When I was 8 years old, my mom started college. She went from being a stay-at-home mom, devoting all of her attention to my brother and me, to dropping us off at friends' houses in the morning so she could make it to her 8 a.m. classes before our school started, and spent evenings at the dinner table catching up on her homework.
And the 8-year-old selfish me hated her for it. She had less time for us. Sometimes we actually had to ride the bus to school (which was new and terrifying at the time), and I still remember the nights when I was supposed to be in bed, but would walk out of my room to find her crying over her calculus homework.
I didn’t understand why her degree was worth that.
But now, I’m somehow in her shoes.
Lucky for me (or maybe not so), my son was only 4 months old when I went back to school. He is not going to remember me rocking him as I beg him to just go to sleep so that I can finish this paper before its due date (that is two hours away). He’s not going to remember the times I’ve left him to be snuggled by someone else or the first words that I didn't get to hear because I was somewhere else. But I had to decide to make sacrifices now for a better tomorrow.
And for the first time in my life, I had to make that decision not only for me but for someone else. Because ultimately, I cared more about his well-being than my own.
I am definitely not the only person who has faced this. But I know how lonely it can feel.
This goes out to all of the other young moms out there, who are trying to readjust to new priorities, balance your lives, and take care of your little one in the best way that you can. I’m telling you the things that I know I have so desperately wanted to hear these past few months and the words that I wish I could go back in time and say to my own mom.
You’ve got this.
I know, it’s exhausting. I know that now, time has become such a precious commodity because you have a beautiful, tiny human reminding you how quickly it can slip through your fingers. Two hours spent in class are two hours that you will never have back.
I know how guilty you feel when you desperately wish your little guy would go to sleep because you have a presentation tomorrow and you haven’t even begun to research your topic.
Stop feeling guilty.
Of course, you should treasure the moments that you have now, but don’t forget what you are working for. As cheesy as it sounds, keep your eye on the prize. Don't forget about the bigger picture.

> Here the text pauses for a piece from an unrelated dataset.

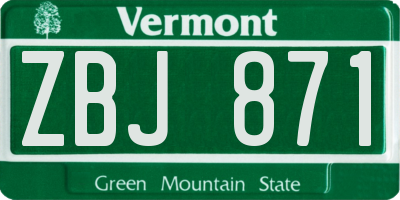 VT license plate ZBJ871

Don’t forget that you aren’t just doing this for them, you still deserve the achievements too. Having a child does not mean that you should put your life on hold. It doesn’t mean that you should stop chasing your dreams. Both you and your little one deserve for you to be the best person that you can be, to have the confidence that comes with success, and the joy of doing what you love.
Stop second-guessing yourself.
You are making the right decisions. You are an awesome student and an even better mom. You are a living example in front of your little one's eyes of perseverance, self-worth, and determination.
You are not alone.
There is someone else out there who knows how it feels to be stretched so thin. Someone else out there knows the terrible cocktail of the raw emotions of new parenthood, the stress of midterms, and the added ingredient of buckets of caffeine. They are out there questioning their choices and worrying that they are not headed down the right path. But, it WILL be worth it in the end. Always remember that.